Shakespeare First Folio Acquired by the University of British Columbia
The volume is going on display at Vancouver Art Gallery as part of a new exhibition
A rare first edition of William Shakespeare's Comedies Histories and Tragedies, a volume containing 36 of Shakespeare’s 38 known plays is now in the collections of the University of British Columbia (UBC) Library. Known as the First Folio, the book will be on display at the Vancouver Art Gallery (VAG) through March 20, reports Bridgette Watson for CBC News.
“The First Folio is a cornerstone of English literature and with this donation, we are able to bring this cultural treasure into public ownership,” says Katherine Kalsbeek, head of rare books and special collections at UBC Library, in a statement.
The UBC Library purchased the volume, formerly owned by a private collector in the U.S., through Christie’s in New York. Only 235 copies of the First Folio are in extant with most held in the U.S. and in the U.K.; the new purchase is only Canada’s second, the statement says.

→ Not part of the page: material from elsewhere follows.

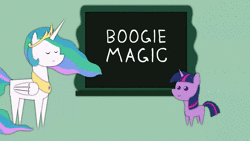 Size: 1920x1080 | Tagged: safe, artist:klystron2010, princess celestia, twilight sparkle, alicorn, pony, unicorn, equestria girls, acorn, animated, boogie magic, chalk, chalkboard, chaos star, cyriak, dancing, death, decapitation, exploding head, explosion, female, funny, funny as hell, headless, magic, mare, melting, modular, multeity, not salmon, parody, pointy people, pointy ponies, sound, sparkle sparkle sparkle, telekinesis, that escalated quickly, transformation, twilacorn, twilight snapple, twilight sparkle (alicorn), wat, webm, what did i just watch, wtf, youtube link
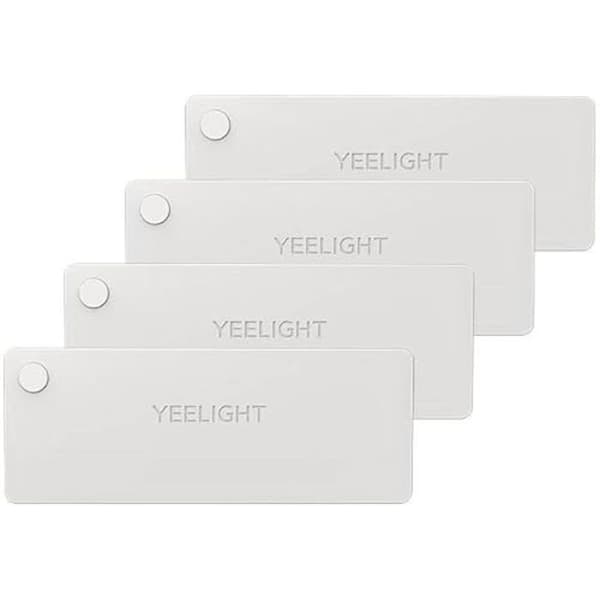 LED extrabelysning - Yeelight YLCTD001 - Interiör - El - LED-teknik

Published in 1623, the First Folio, according to the Folger Shakespeare Library in Washington, D.C. is an “extraordinary book.” The Folger, which owns 82 copies, is a center for study of the rare volumes. Had the First Folio not been published several of Shakespeare’s most famous plays, including Macbeth, Julius Caesar,The Tempest and As You Like It may never have survived, according to the Folger.
Following the Bard’s death in August 1616, friends of the playwright, including John Heminge and Henry Condell, compiled and edited Shakespeare’s manuscripts and working drafts, as well as earlier printed editions of some of the scripts to produce an authoritative version of each play. This helped correct the spread of “bad quartos”—pirated versions of the work reconstructed from memory. The editors then divided the plays into comedies, tragedies and histories, according to the British Library, which owns five.
Experts estimate that around 750 copies were originally printed and the image of Shakespeare on the title page is one of only two portraits that according to the British Library, have “any claim to authenticity.” Martin Droeshout, the engraver of the image, probably never met Shakespeare, but he most likely rendered the visage of the playwright based on the memories of others or from an earlier portrait. The portrait, said the writer Ben Jonson, who was both a friend and a rival of Shakespeare’s, and who penned the verse “To the Reader” in the First Folio, indicates that the image is accurate.
The university says it can’t disclose the purchase price under an agreement with Christie’s. In October 2020, another First Folio sold for nearly $10 million, making it the most expensive work of literature ever sold at auction and one of only six copies to remain in private hands. That one was sold by Mills College in California and purchased by New York antiquarian Stephan Loewentheil; however, Gregory Mackie, an English literature scholar at UBC, tells CBC that the copy purchased by the college was substantially less expensive because it isn’t in pristine condition.
“For us—for universities, for institutions, for scholars and students—books that have been messed with over the centuries are far more interesting,” Mackie tells the CBC, and explained that a lost page in this version was replaced in the 18th century by another that came from a second edition once owned by Samuel Johnson, who edited his own eight-volume edition of Shakespeare’s work published in 1765. “And this one has been messed with in a really, really fascinating way,” says Mackie.
Scholars at UBC anticipate the learning opportunities that the First Folio offers: “Having the book here in Vancouver in 2021 on the unceded lands of the Musqueam people allows us to do what scholars around the world have been doing for a while now, and that is to think about Shakespeare’s work in place-based terms,” says English language and literature expert Patricia Badir in the statement. “The book’s presence here will provide us with opportunities to think about how Shakespeare’s works have been agents of colonialism and provoke us to think about the ways in which Shakespeare’s plays can help us think through local iterations of global questions about sexuality and gender, religious tolerance, politics and power, race and social justice, and even climate justice.”
In addition to the book itself, the VAG exhibition, “For All Time: The Shakespeare First Folio.” features three copies of subsequent editions of Shakespeare’s work from later in the 17th century. The museum will also offer an animated display showing annotated pages of the books. Visitors will also have access to an augmented reality feature from their smartphones that will simulate a Shakespearean figure to appear in the museum atrium with accompanying audio passages from the plays.
“We haven’t done an exhibition quite like this before,” VAG Director Anthony Kiendl tells Benjamin Sutton of the Art Newspaper. “These digital features are really animating the texts.”